With Nigeria’s power generation at perhaps an all-time low, President Umaru Yar’Adua announced Friday in Paris that his administration would formally declare an emergency in the country’s power sector next month, the Nigerian state house said in a statement.
Responding to concerns expressed by prospective French investors over current power supply problems in Nigeria, President Yar’Adua said that under the emergency, which will be in force for three years, the federal and state governments would set aside US$5 billion for the rehabilitation and expansion of Nigeria’s power generation, transmission and distribution infrastructure.
The President told the gathering of French businessmen that after the three-year emergency period, Nigeria’s generation and distribution infrastructure would be privatised, while its transmission infrastructure would remain under the control of a state-owned company.
He said that Nigeria would seek additional financing from international finance institutions for the rehabilitation and expansion of its power infrastructure, adding that his administration intended to establish a proper foundation for the increment of Nigeria’s power generation capacity to about 50,000 megawatts by the year 2020.
President Yar’Adua had said, during his electioneering campaign last year, that he would immediately declare a power emergency on assumption of office, as part of measures aimed at raising power generation in the country.
Nigeria, Africa’s most populous nation of 140 million, currently generates far less than 2,000 megawatts of electricity, which is not less than enough to power the economic capital city of Lagos.

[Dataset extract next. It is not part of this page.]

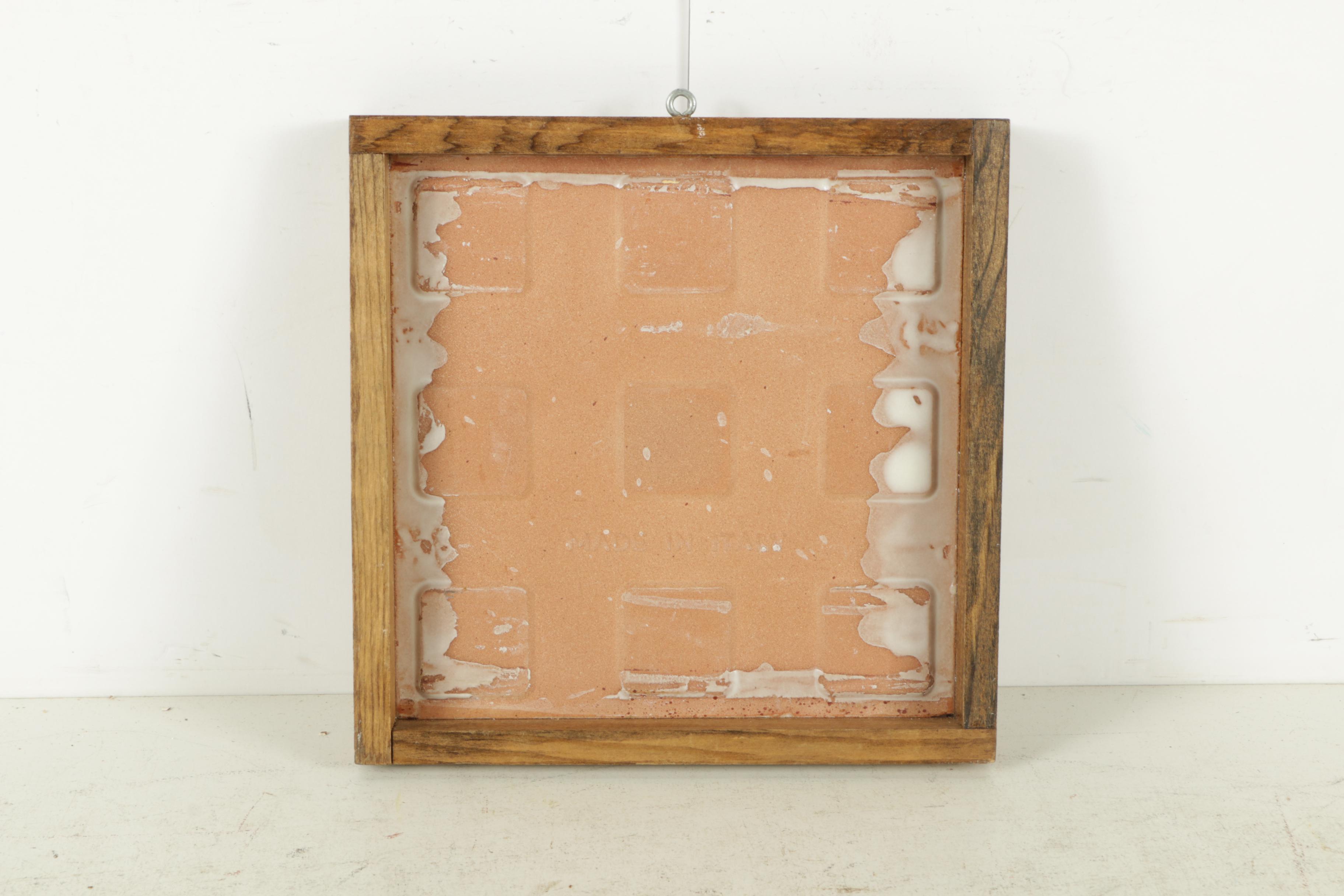 Paintings and Offset Lithograph on Tile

The low generation has led to massive load shedding (power outages) in recent times, triggering widespread calls on the President to declare the emergency.
On the Niger Delta, the President said that a summit of all stakeholders in the region would take place next month, in furtherance of his administration’s efforts to address the causes of militancy and violent agitation in the area.
Before leaving Paris for Abuja, President Yar’Adua met with African Ambassadors to France.
He told them that as Africa’s representatives in one of the world’s major economies, they had a duty to make the continent’s case for equity to its development partners and to present its perspectives on the critical socio-economic, developmental and political issues in a fast-globalising world.
“In the reality of today’s world, you have a responsibility and obligation as Africans to form yourselves into a functional, pro-active and effective synergy to drive our continent’s quest for regeneration.
“In the spirit of our collective quest for enhanced continental integration and eventual Union Government, you are obliged to speak with a single, strong African voice on issues that pertain to the continent’s desire for the evolvement of a globally competitive regional economy.
“In that way, we can ensure that we work collectively to extricate Mother Africa from the vicious cycle of underdevelopment, endemic poverty and instability,” President Yar’Adua told the Ambassadors.